Sridhar Alla works as the director of big data solutions and architecture at Comcast, where he has delivered several key solutions, such as the Xfinity personalization platform, clickthru analytics, and the correlation platform, marketing and analytics marts at PB scale. Sridhar started his career in network appliances on NAS storage and caching technologies. Previously, he served as the CTO of security company eIQNetworks, where he merged the concepts of big data and cyber security & compliance , encryption etc. He holds patents on the topics of very large-scale processing algorithms and caching.
Data Science As A Service
Almost all organizations now have a need for datascience and as such the main challenge after determining the algorithm is to scale it up and make it operational. We at comcast use several tools and technologies such as Python, R, SaS, H2O and so on. In this talk we will show how many common use cases use the common algorithms like Logistic Regression, Random Forest, Decision Trees , Clustering, NLP etc.

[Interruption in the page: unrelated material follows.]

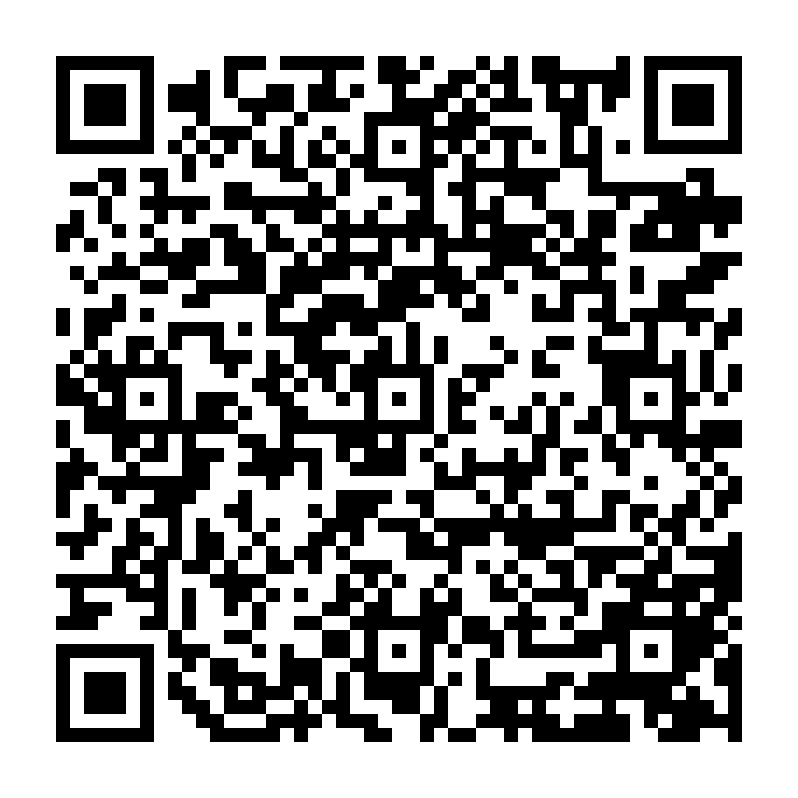 QR koda
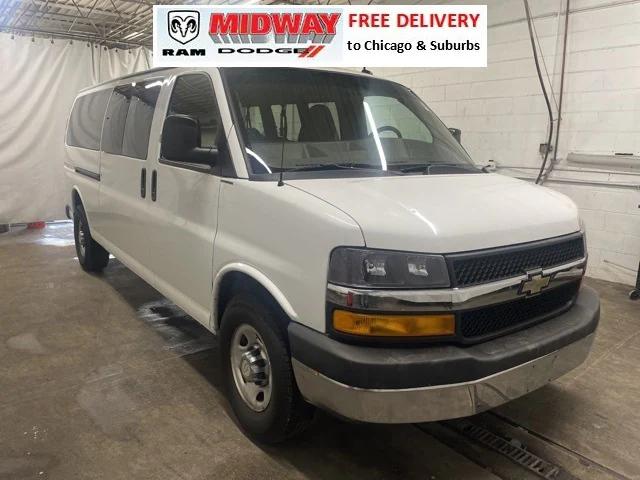 2012 Chevrolet Express 3500 LT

Spark has several Machine Learning algorithms built in and has excellent scalability. Hence we at comcast built a platform to provide DSaaS on top of Spark with REST API as a means of controlling and submitting jobs so as to abstract most users from the rigor of writing(repeating ) code instead focusing on the actual requirements.
We will show how we solved some of the problems of establishing feature vectors, choosing algorithms and then deploying models into production. We will discuss what feature engineering is all about , various techniques to use and how to scale to 20000 column datasets using random forest, svd, pca. Also demonstrated is how we can build a service around these to save time and effort when building 100s of models.